*Exercise*:
Below is a listing; repeat exactly the lines from the one containing "Timberland Men's Eyeglasses" to the one containing "Chestnut And Black", both included.

*Data to use*:
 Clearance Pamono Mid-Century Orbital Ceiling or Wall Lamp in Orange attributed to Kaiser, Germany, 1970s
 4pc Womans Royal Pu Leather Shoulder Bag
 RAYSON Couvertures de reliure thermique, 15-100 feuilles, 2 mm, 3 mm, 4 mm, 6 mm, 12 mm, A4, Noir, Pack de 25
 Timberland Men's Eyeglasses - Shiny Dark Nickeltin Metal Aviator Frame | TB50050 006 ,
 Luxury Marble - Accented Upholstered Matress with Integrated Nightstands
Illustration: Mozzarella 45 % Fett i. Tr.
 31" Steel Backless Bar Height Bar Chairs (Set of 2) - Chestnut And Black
...
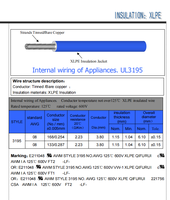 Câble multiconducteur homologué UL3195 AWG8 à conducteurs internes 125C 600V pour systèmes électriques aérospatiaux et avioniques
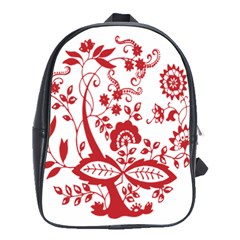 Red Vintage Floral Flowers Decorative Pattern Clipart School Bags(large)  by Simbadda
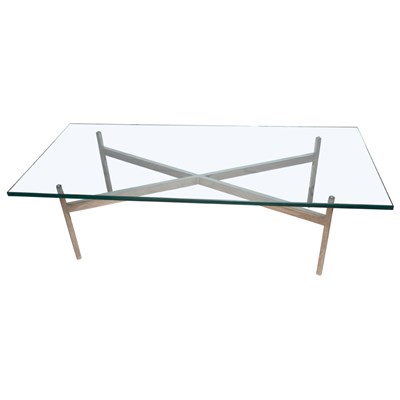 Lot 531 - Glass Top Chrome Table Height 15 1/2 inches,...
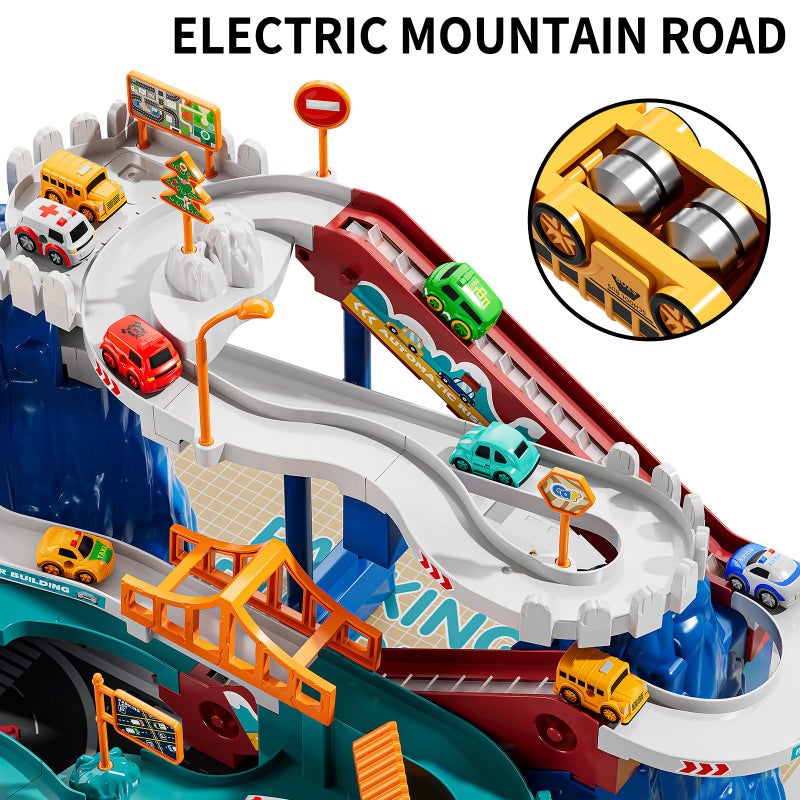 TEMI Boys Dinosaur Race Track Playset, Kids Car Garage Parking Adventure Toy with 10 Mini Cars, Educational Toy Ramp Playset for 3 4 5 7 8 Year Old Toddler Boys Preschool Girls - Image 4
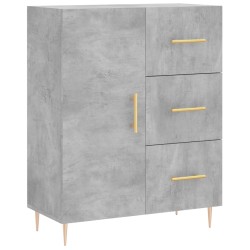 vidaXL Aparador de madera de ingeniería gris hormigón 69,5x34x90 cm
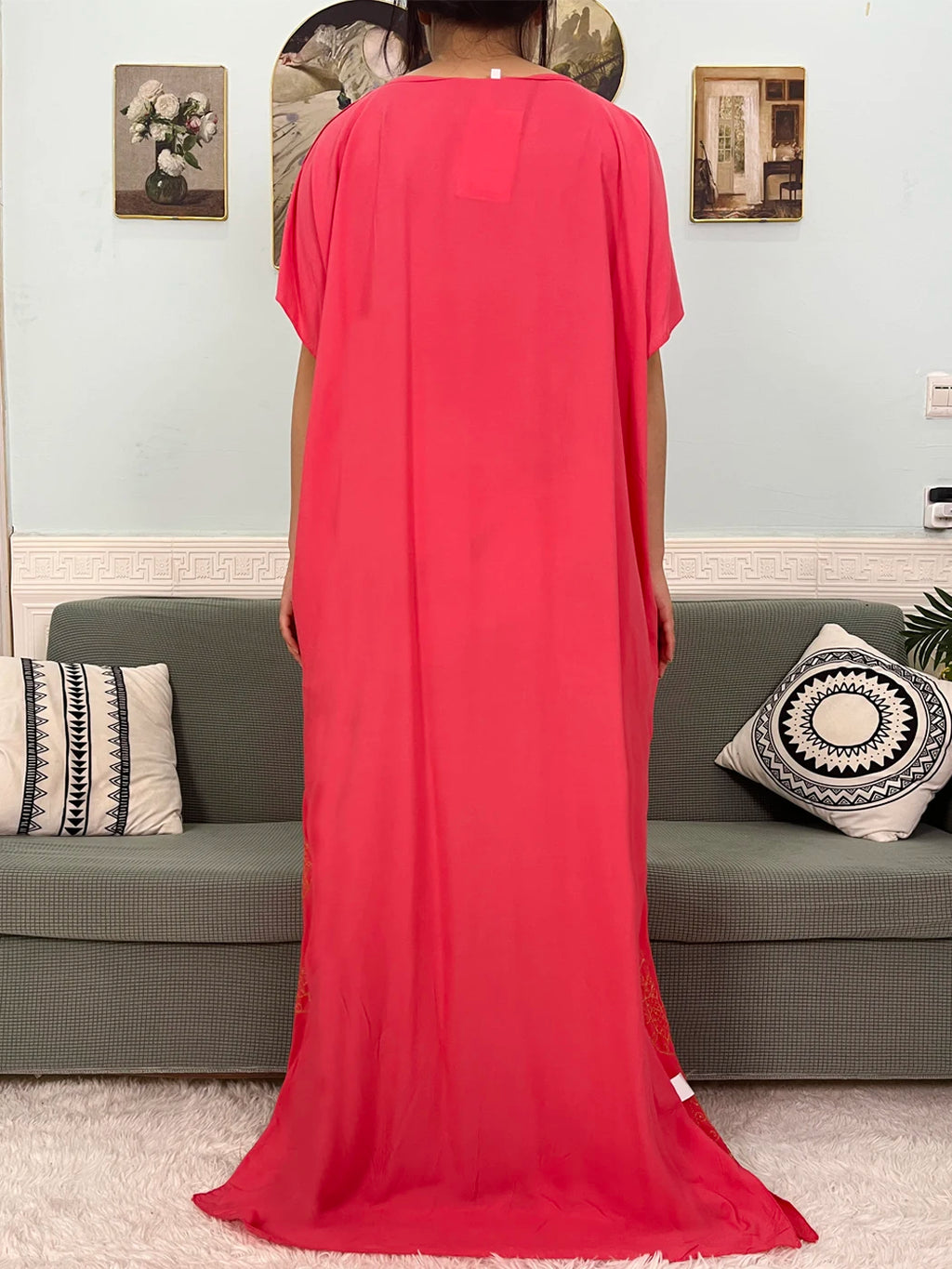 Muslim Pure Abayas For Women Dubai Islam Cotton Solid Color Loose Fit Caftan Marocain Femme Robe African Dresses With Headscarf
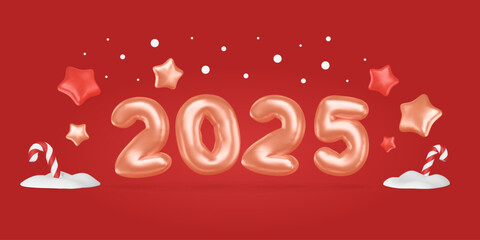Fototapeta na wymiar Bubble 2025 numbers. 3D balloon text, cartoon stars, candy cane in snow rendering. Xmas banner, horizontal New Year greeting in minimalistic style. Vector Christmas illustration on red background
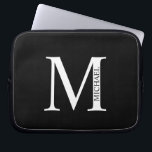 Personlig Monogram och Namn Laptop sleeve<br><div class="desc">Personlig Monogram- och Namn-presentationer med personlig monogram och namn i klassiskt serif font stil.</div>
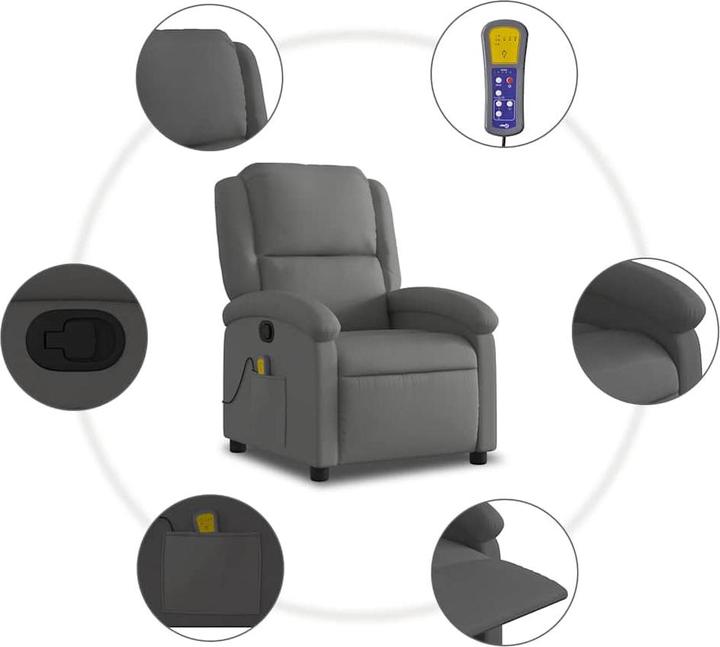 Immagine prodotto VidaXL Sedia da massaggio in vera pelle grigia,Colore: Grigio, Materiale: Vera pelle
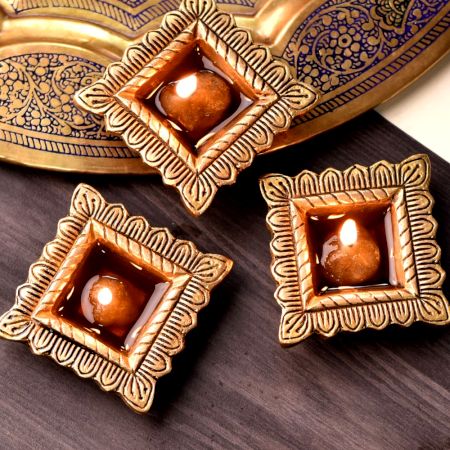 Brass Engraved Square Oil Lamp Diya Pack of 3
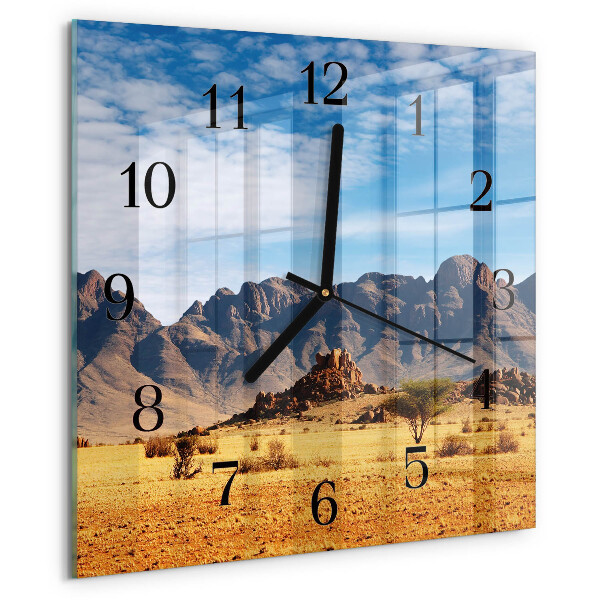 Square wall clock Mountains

*Completed exercise*:
 Timberland Men's Eyeglasses - Shiny Dark Nickeltin Metal Aviator Frame | TB50050 006 ,
 Luxury Marble - Accented Upholstered Matress with Integrated Nightstands
Illustration: Mozzarella 45 % Fett i. Tr.
 31" Steel Backless Bar Height Bar Chairs (Set of 2) - Chestnut And Black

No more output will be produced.